> **INSTRUCTIONS TO FOLLOW**
Print out the data that follows exactly, character for character, apart from the pictures.

[Start of Attachment]

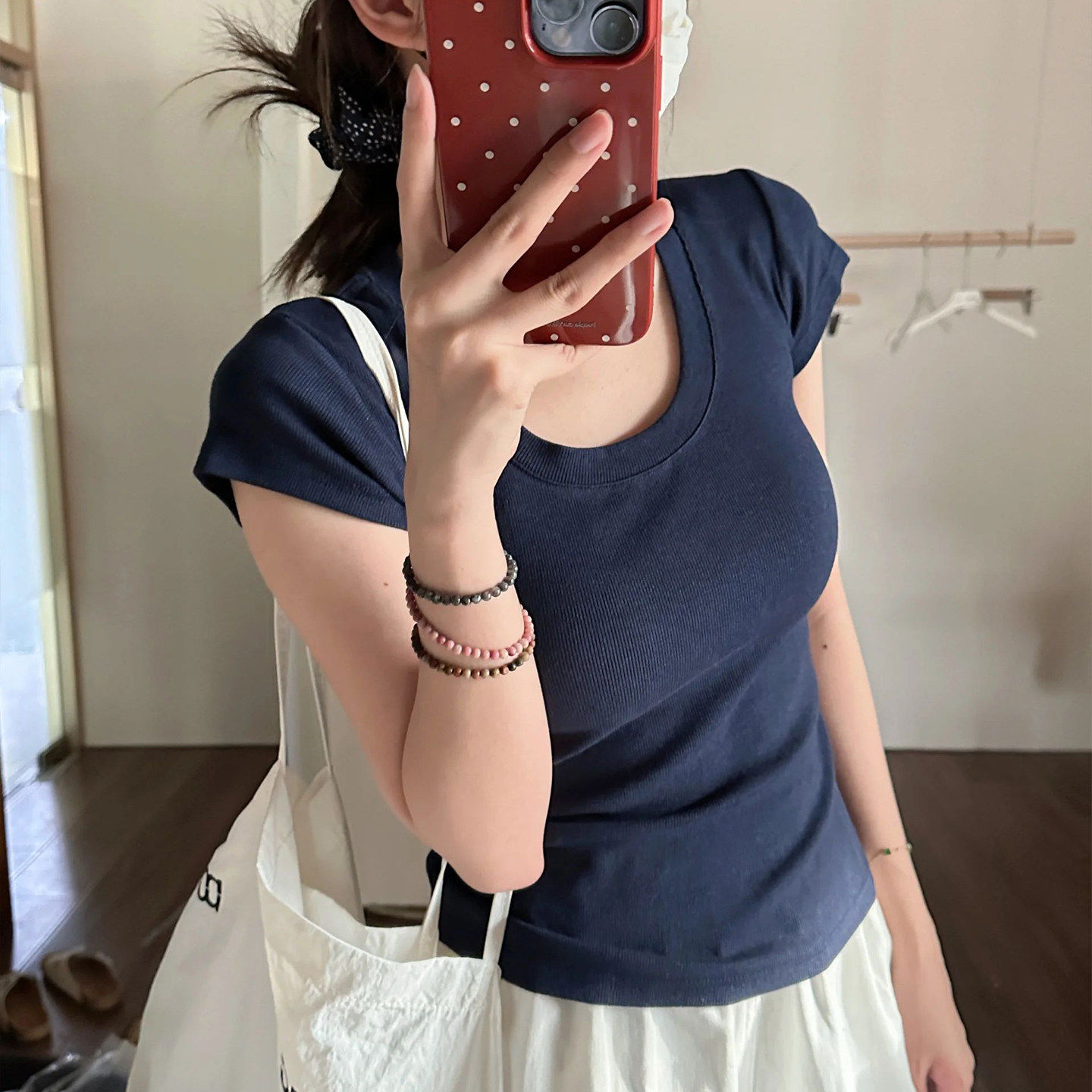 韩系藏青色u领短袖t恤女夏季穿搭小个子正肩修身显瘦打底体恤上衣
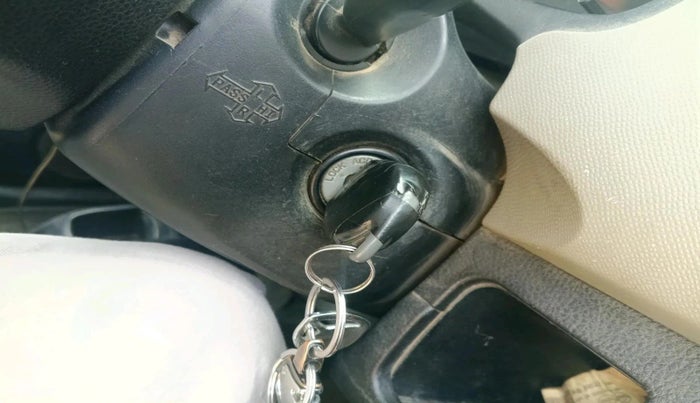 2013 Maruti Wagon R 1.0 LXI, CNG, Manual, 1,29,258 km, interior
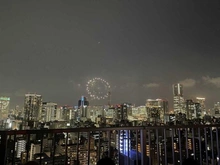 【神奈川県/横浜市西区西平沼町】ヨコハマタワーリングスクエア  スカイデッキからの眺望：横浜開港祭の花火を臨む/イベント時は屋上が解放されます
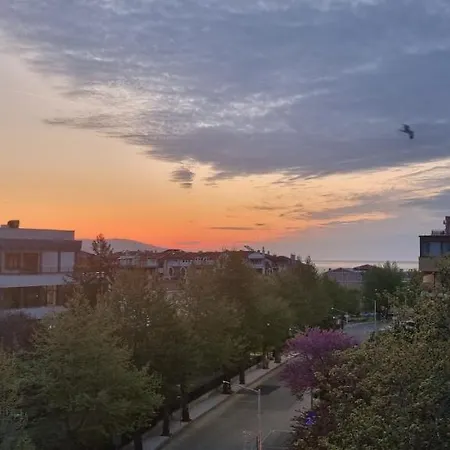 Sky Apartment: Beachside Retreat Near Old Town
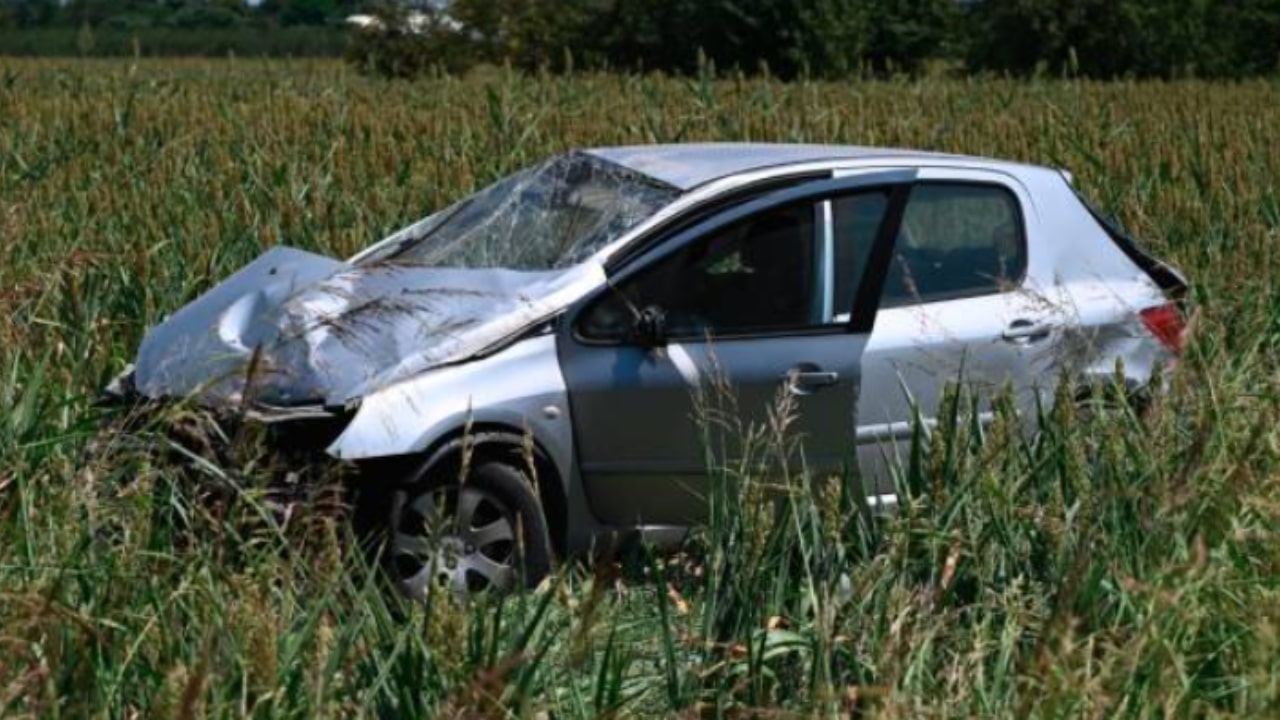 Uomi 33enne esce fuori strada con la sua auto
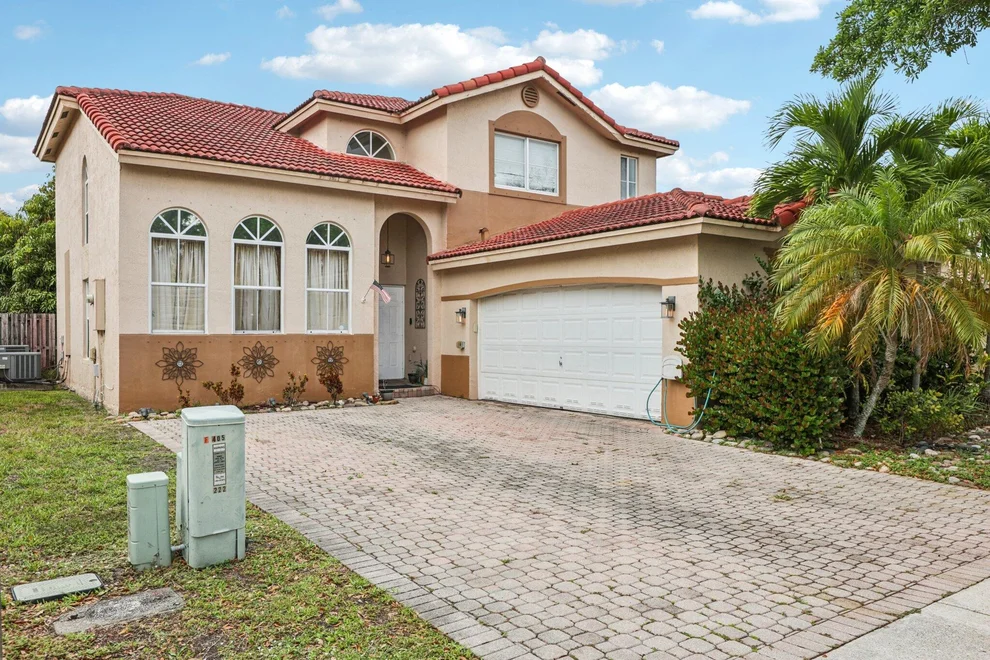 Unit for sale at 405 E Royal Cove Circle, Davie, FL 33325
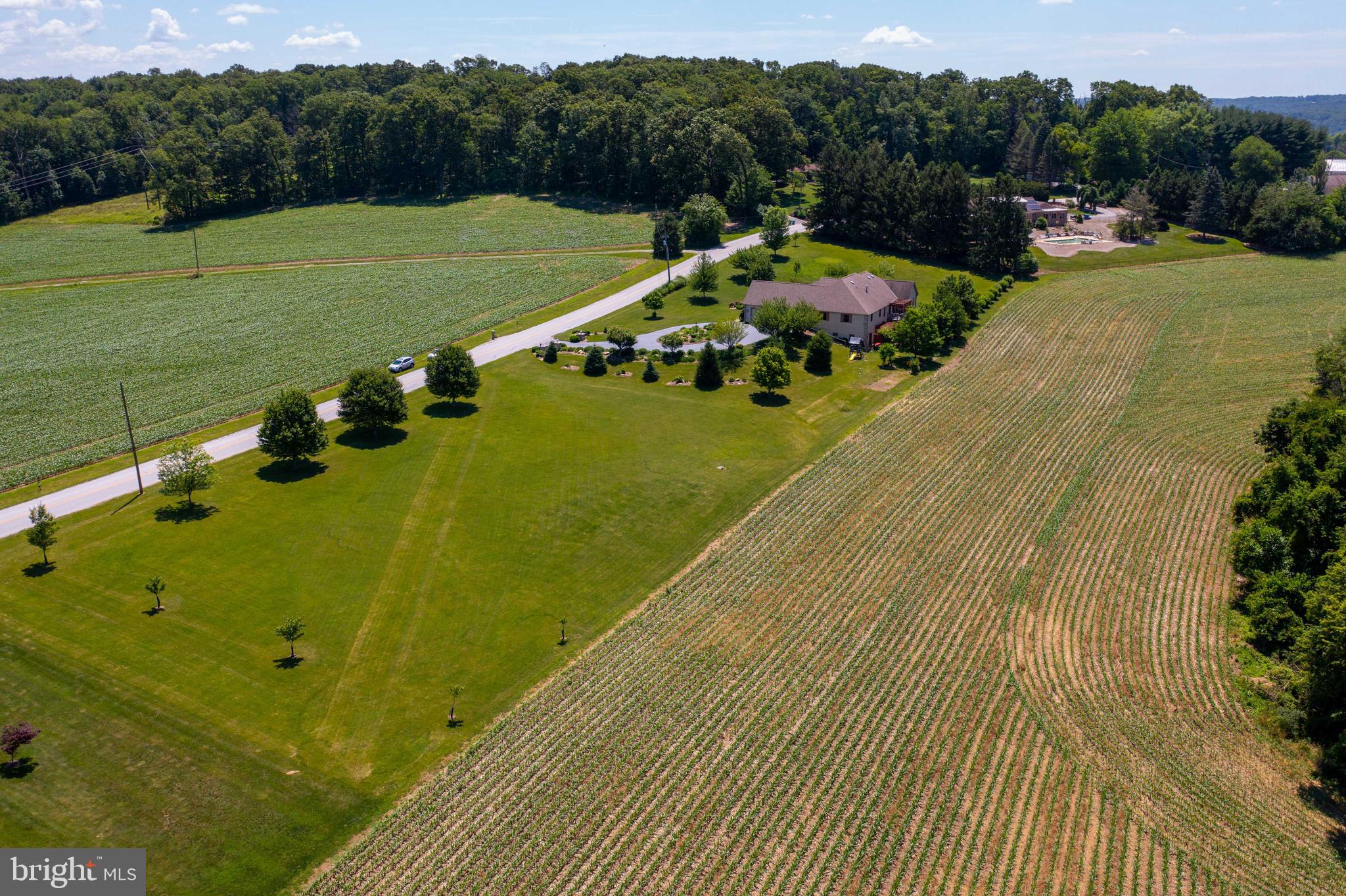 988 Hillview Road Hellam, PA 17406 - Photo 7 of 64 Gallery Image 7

[End of Attachment]

> **SOLUTION FOR THIS TASK**
 韩系藏青色u领短袖t恤女夏季穿搭小个子正肩修身显瘦打底体恤上衣
 2013 Maruti Wagon R 1.0 LXI, CNG, Manual, 1,29,258 km, interior
 【神奈川県/横浜市西区西平沼町】ヨコハマタワーリングスクエア  スカイデッキからの眺望：横浜開港祭の花火を臨む/イベント時は屋上が解放されます
 Sky Apartment: Beachside Retreat Near Old Town
 Uomi 33enne esce fuori strada con la sua auto
 Unit for sale at 405 E Royal Cove Circle, Davie, FL 33325
 988 Hillview Road Hellam, PA 17406 - Photo 7 of 64 Gallery Image 7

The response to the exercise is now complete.